• **TASK TO COMPLETE**
Make an exact copy of the lines from the one containing "Tallow Balm 4oz" through the end of the material, including both ends but no pictures.
★ ★ ★ ★ ★
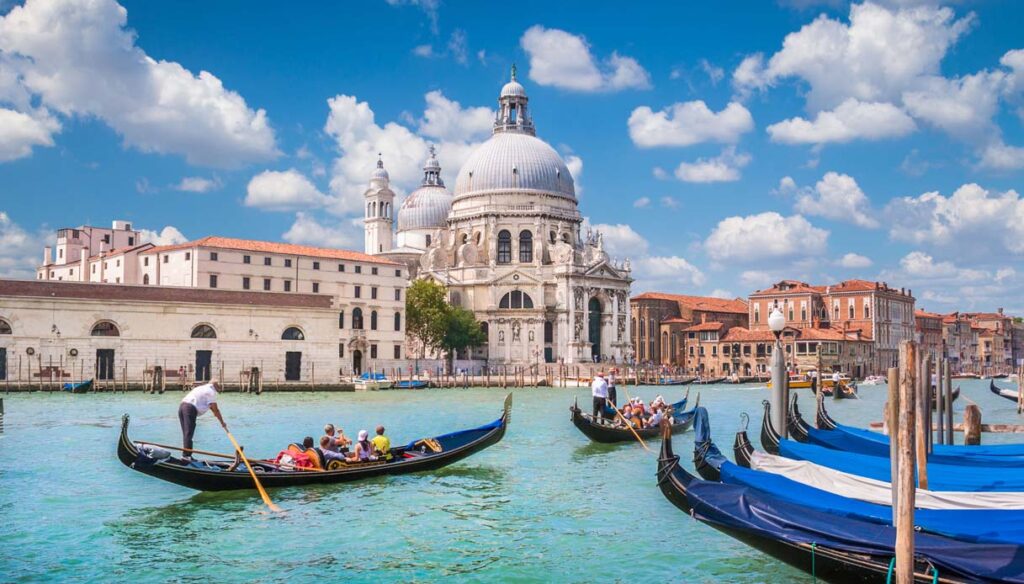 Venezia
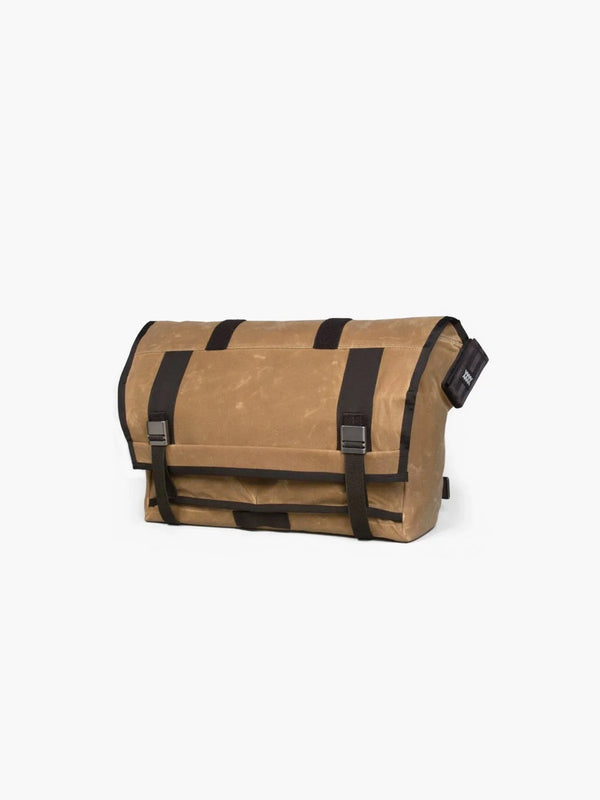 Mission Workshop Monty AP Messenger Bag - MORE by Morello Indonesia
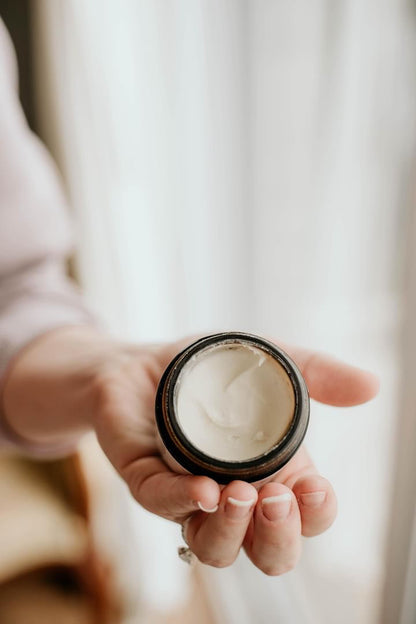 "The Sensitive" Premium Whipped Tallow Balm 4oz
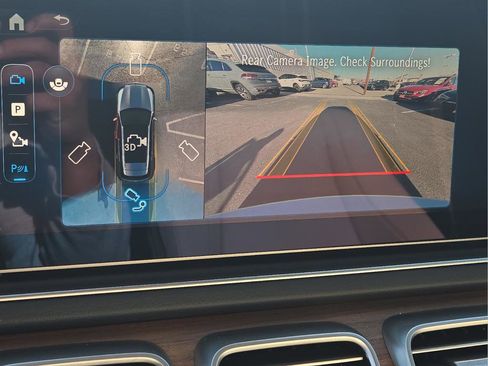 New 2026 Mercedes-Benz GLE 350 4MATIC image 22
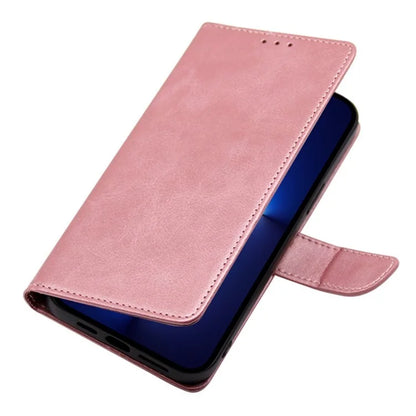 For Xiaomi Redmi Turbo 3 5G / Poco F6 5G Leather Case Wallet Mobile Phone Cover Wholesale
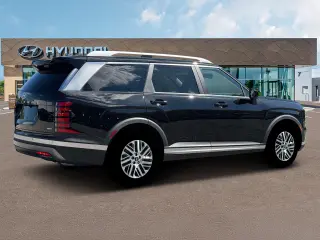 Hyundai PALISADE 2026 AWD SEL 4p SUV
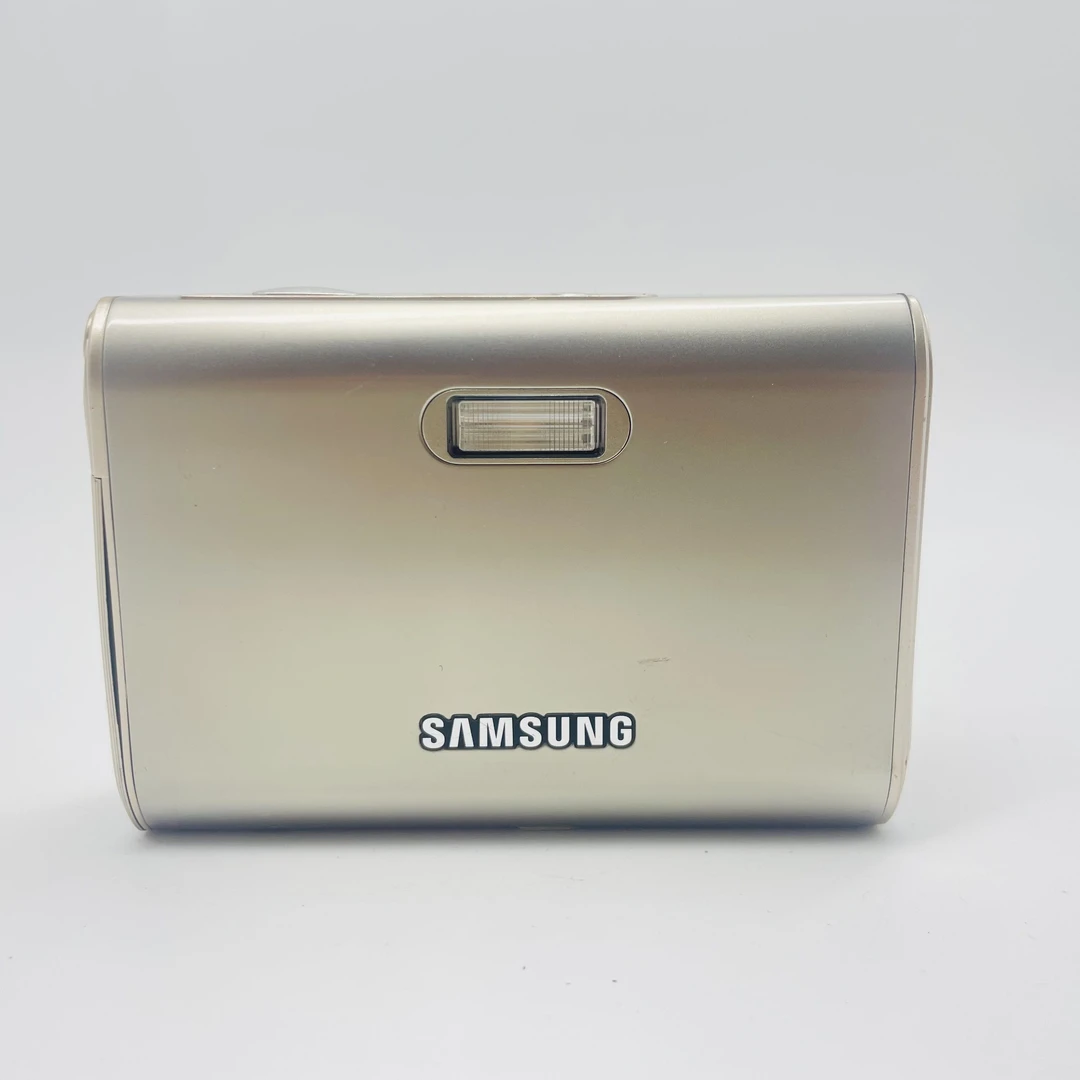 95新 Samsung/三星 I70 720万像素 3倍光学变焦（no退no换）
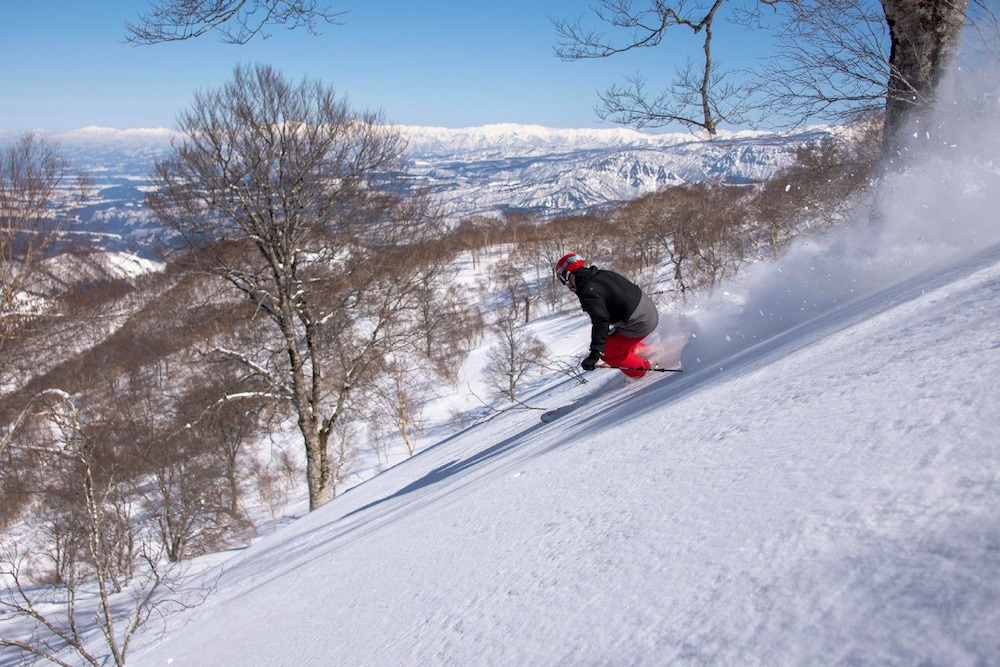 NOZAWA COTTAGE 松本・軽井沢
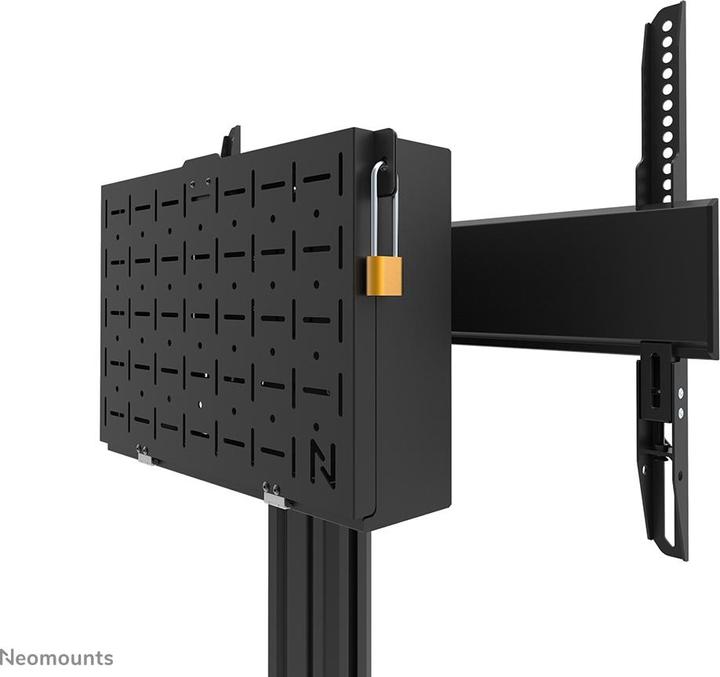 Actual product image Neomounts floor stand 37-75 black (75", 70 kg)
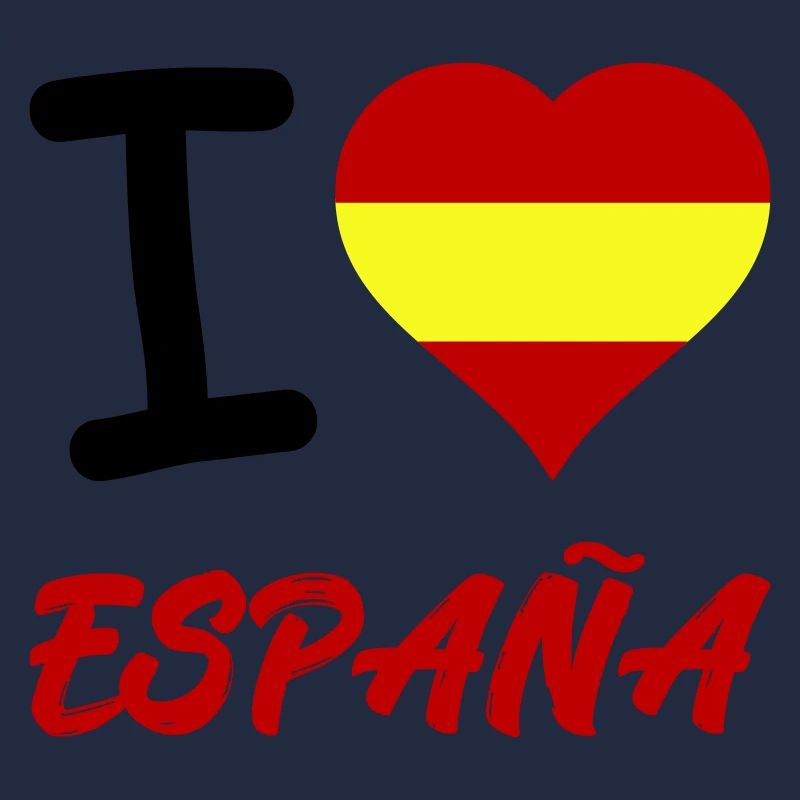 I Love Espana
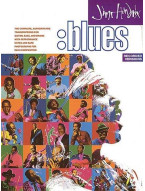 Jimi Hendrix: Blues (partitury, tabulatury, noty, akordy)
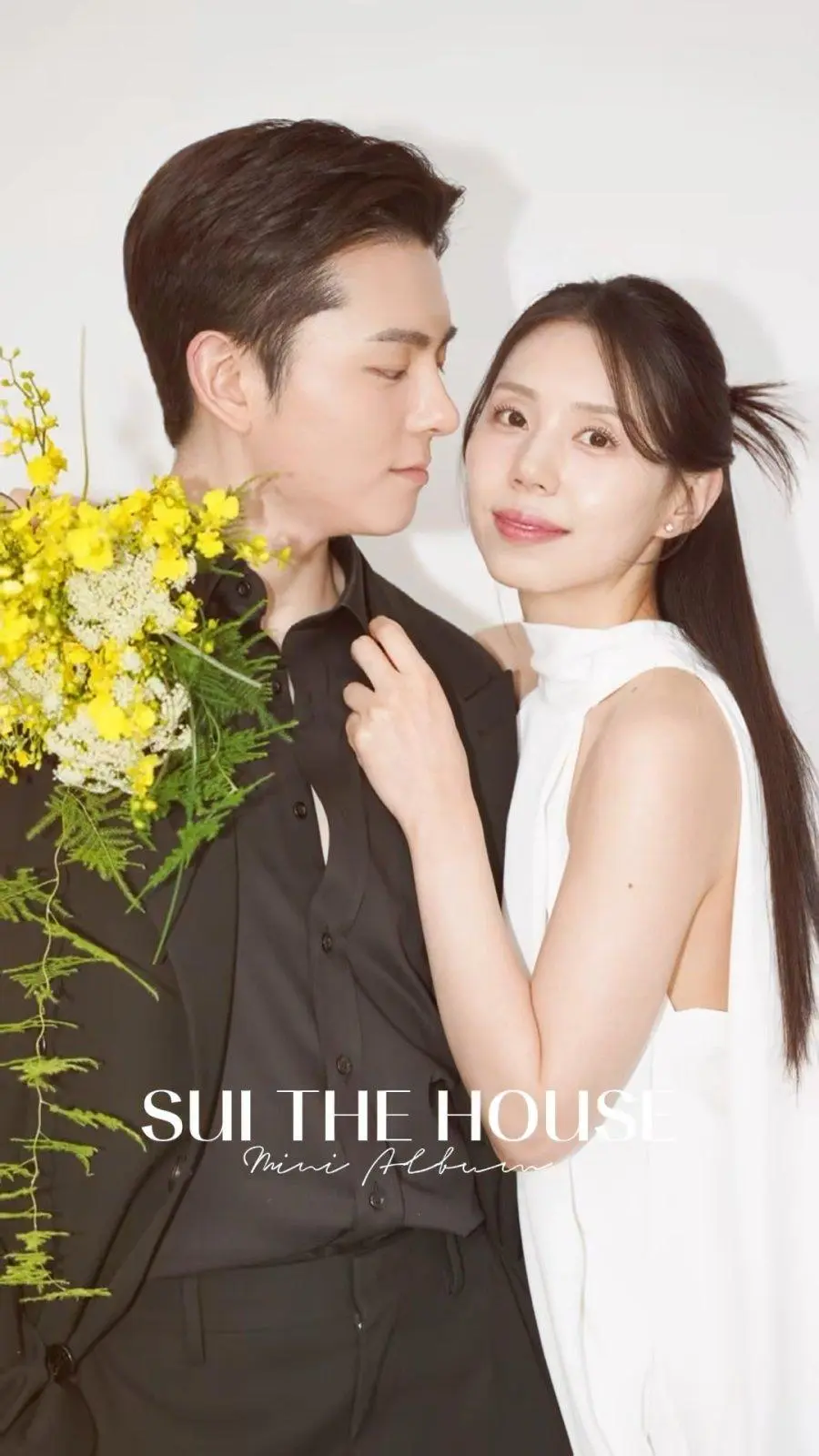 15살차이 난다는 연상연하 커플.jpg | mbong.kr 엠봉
★ ★ ★ ★ ★
• **COMPLETED EXERCISE**
 "The Sensitive" Premium Whipped Tallow Balm 4oz
 New 2026 Mercedes-Benz GLE 350 4MATIC image 22
 For Xiaomi Redmi Turbo 3 5G / Poco F6 5G Leather Case Wallet Mobile Phone Cover Wholesale
 Hyundai PALISADE 2026 AWD SEL 4p SUV
 95新 Samsung/三星 I70 720万像素 3倍光学变焦（no退no换）
 NOZAWA COTTAGE 松本・軽井沢
 Actual product image Neomounts floor stand 37-75 black (75", 70 kg)
 I Love Espana
 Jimi Hendrix: Blues (partitury, tabulatury, noty, akordy)
 15살차이 난다는 연상연하 커플.jpg | mbong.kr 엠봉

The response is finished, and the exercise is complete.